Several factors should be considered in interpreting the data from the present study. First, our sample of candidates represents highly fit young men who have been previously challenged and screened in the Marine Corps and, as such, represent a relatively homogeneous population. In the present study, the average FMS score was 16.7 ± 1.7, whereas the average score was only 12.6 ± 2.1 in one NFL study (17). However, mean scores of 16.7 ± 3.0 (18) and 15.1 (10) have also been reported for football players and military personnel, respectively. Another consideration is the distribution of scores. In our study, 10.3% had scores ≤14 with only 1.3% of scores ≤12; among the NFL football players studied, 22% had scores ≤14 such that the distribution of their scores was skewed to the left (17). Clearly, more work will be needed with different populations.

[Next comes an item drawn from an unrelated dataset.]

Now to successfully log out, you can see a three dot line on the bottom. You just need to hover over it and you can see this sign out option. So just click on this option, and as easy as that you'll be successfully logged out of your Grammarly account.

In summary, FMS scores ≤14 were associated with increased injury risk, although the sensitivity was low. Nonetheless, data from this study suggest that further investigations are warranted. Future studies should seek to evaluate a military cohort entering basic training because they are likely to represent a more heterogeneous population than Marine candidates. In addition, the present study has demonstrated that FMS screening can be accomplished as part of medical in-processing.
The authors acknowledge that this research was performed under a research grant award from the American Medical Society for Sports Medicine.

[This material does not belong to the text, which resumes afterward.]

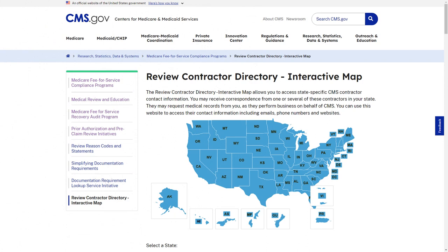Other MACs perform medical review for services and claims they process. This includes services for home health, hospice, durable medical equipment, and any other services not in our jurisdiction. Be sure to view the Review Contractor Directory interactive map on CMS's website to see if it affects you. There's a link below this video in the description.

The authors report no conflict of interest.
The authors thank Dr. Bruce Jones from the US Army Public Health Command for his insights, careful reading, and assistance with the statistics; Drs. Megan Raleigh and Devin McFadden for screening of the medical records; and Mr. Tyson Grier for his assistance with constructing the database. The authors also thank COL Richard Mancini, MAJ Brad Kroll, and Mr. Jess Vera Cruz from Officer Candidate School, Quantico, VA, as well as Francesca Cariello, PhD, RN, CCRN, and Richard Blumling, MSN, CDR, USN, from the Naval Health Clinic Quantico. Finally, the authors also thank Mr. Brian McGuire, Marine Corps Training and Education Command, for his assistance in facilitating this project at Quantico.
The results of this study do not constitute endorsement of functional movement screening by the authors, the US Department of Defense, or the American College of Sports Medicine.